I have had to get towed several times over the last 2 years. Never waited more than 45 minutes. However, it seems like the tow truck drivers are exempt from the NO PHONE while driving laws. All the drivers I had were on the phone more than off the phone. Half the time not paying attention to the road. I am surprised not more tow trucks are involved in accidents. It was scary how many times they had to jam on the brakes and with a car in tow that's not good. Just my observations.


----------



## Seamus (Jun 21, 2018)

Cableguynoe said:


> As a side note, this just got me thinking that tow truck drivers are probably sick of the same questions just like us.
> 
> I've been towed more than once and rode inside with the driver.
> Yep, i asked if he was just starting his shift or ending it. How long he's been doing it, and what his worst tow/accident scene was, etc etc.
> ...


I agree. I have AAA and covers 5 cars. I have 2 kids far away in college with 2 cars and it is a good feeling knowing they won't get stranded. Mainly save it for towing if needed. Each kid has a battery jumper in the trunk.


----------



## Trafficat (Dec 19, 2016)

Moonrider said:


> My cell phone company offers a roadside assistance add-on for $2.99 a month. It covers all these things at NO additional charge:
> 
> Towing (for mechanical failures)
> Battery service / jump-start
> ...


Assuming you need a jump less than once every 9 months, it's still cheaper to pay an Uber driver $25 to jump your car!


----------



## IthurstwhenIP (Jan 12, 2018)

Trafficat said:


> Assuming you need a jump less than once every 9 months, it's still cheaper to pay an Uber driver $25 to jump your car!


AAA is the 'X' class move. Anything less is playing Pool.


----------



## Cableguynoe (Feb 14, 2017)

Trafficat said:


> Assuming you need a jump less than once every 9 months, it's still cheaper to pay an Uber driver $25 to jump your car!


Assuming...

What I saved on one 80 mile tow paid my membership for 3 years.


----------



## evad77 (Oct 15, 2016)

I had a paxhole order a car once and then text as I arrived saying I don’t need the car , I just need a boost and I’ll pay the $5 cancel, I text back saying yes you’ll pay the $5 cancel and have a nice night and you’ll still need the boost. Tow trucks charge $50 for that service, where do these clowns think we’ll do it for $5?


----------



## Trafficat (Dec 19, 2016)

Cableguynoe said:


> Assuming...
> 
> What I saved on one 80 mile tow paid my membership for 3 years.


But what are the odds you will need another 80 mile tow in the next 5 years?

I've only had my car towed once in my life, and my car jumped a handful of times for free by people who happened to be right there at the time.


----------



## Cableguynoe (Feb 14, 2017)

Trafficat said:


> But what are the odds you will need another 80 mile tow in the next 5 years?
> 
> I've only had my car towed once in my life, and my car jumped a handful of times for free by people who happened to be right there at the time.


I hope to never die but I also carry life insurance.

But I get feeling it's not needed.
I would also get it because of the DMV trips its saved me over the years.
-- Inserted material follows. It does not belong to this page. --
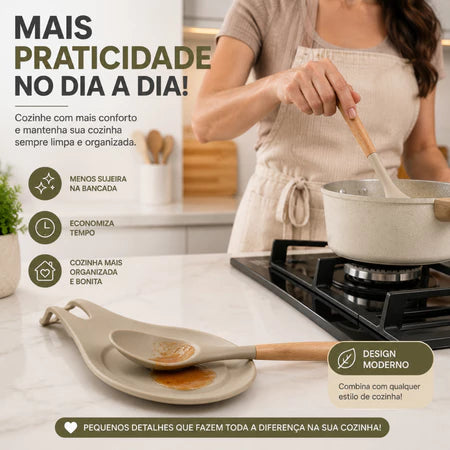 Descanso para Talheres em Silicone  – Suporte para Colher, Garfo e Utensílios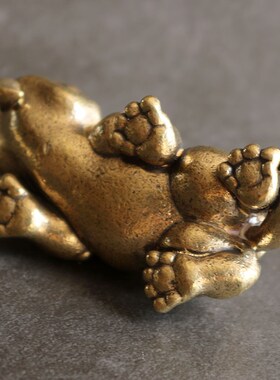 纯黄铜小铜器摆件茶宠精品纯铜招财貔貅汽车桌面办公装饰品礼品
They do many DMV services there.

Most importantly, I think any man with a wife and/or daughter that drives needs to have this for them.


----------



## UberBastid (Oct 1, 2016)

Cableguynoe said:


> Assuming...
> 
> What I saved on one 80 mile tow paid my membership for 3 years.
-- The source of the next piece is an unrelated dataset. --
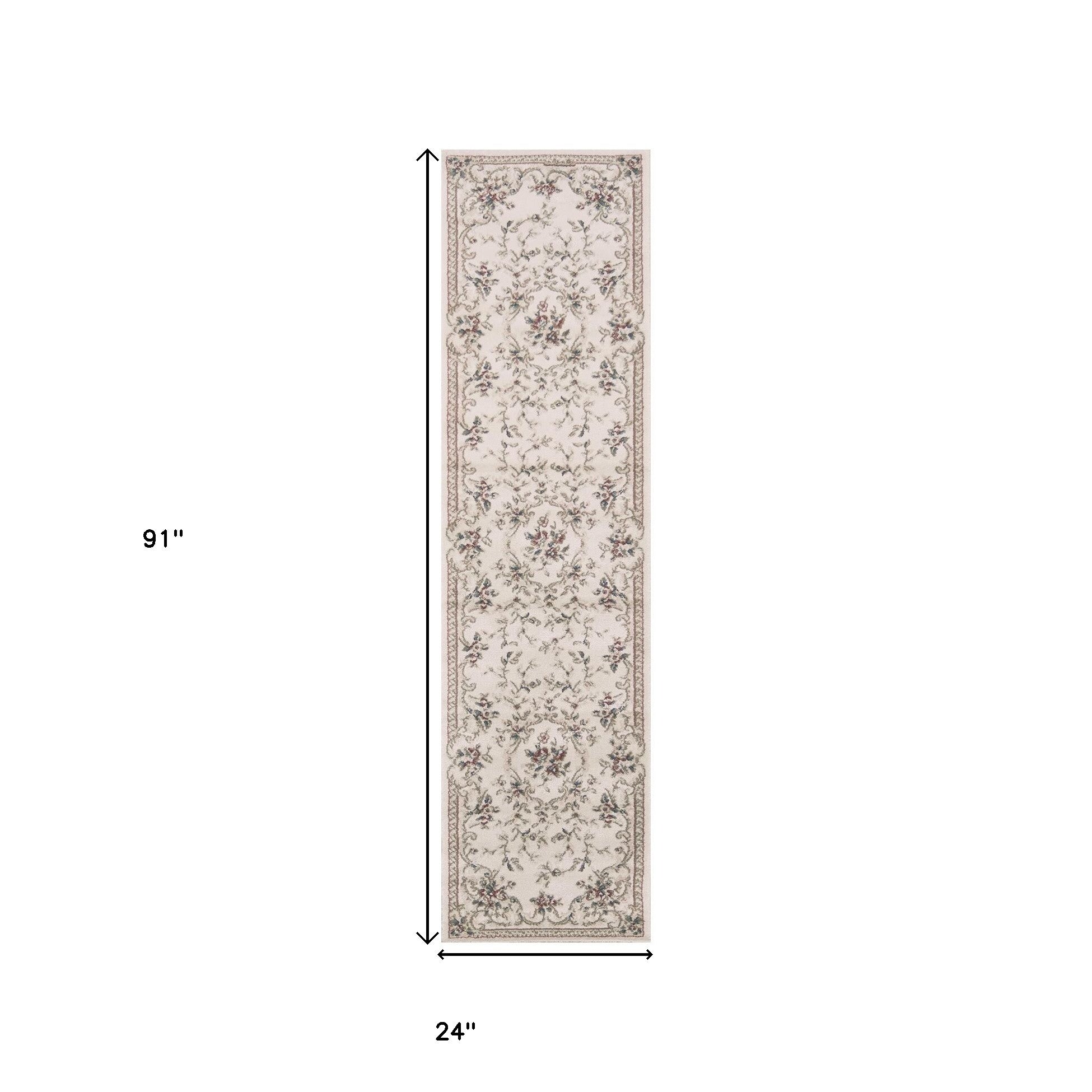 8' Ivory Bordered Floral Indoor Runner Rug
Yup. l live in a pretty suburban/rural area. I have AAA and paid for the upgrade service extended miles when I had to have my car towed from Shingletown to Redding. The 'over mileage' fees were high. Haven't had to use it yet, but ... it's only a few bucks a year.


----------



## jgiun1 (Oct 16, 2017)

Cableguynoe said:


> I hope to never die but I also carry life insurance.
> 
> But I get feeling it's not needed.
> I would also get it because of the DMV trips its saved me over the years. They do many DMV services there.
> ...


Just lie about the life insurance payouts.....just incase you start feeling woozy after dinner.....I had almost a million at one time and told my wife 100K.....I watch too much American Greed on CNBC


----------



## Seamus (Jun 21, 2018)

jgiun1 said:


> Just lie about the life insurance payouts.....just incase you start feeling woozy after dinner.....I had almost a million at one time and told my wife 100K.....I watch too much American Greed on CNBC


I hear ya! I'm actually worth more dead than alive at this point! LOL.


----------



## El Jefe de Hialeah (Jun 11, 2018)

Would suggest next time you should call my buddy Jerry Jones but Jerry have not even made it to the SuperBowl in years so you might end up waiting a while


----------



## UberBastid (Oct 1, 2016)

Seamus said:


> I hear ya! I'm actually worth more dead than alive at this point! LOL.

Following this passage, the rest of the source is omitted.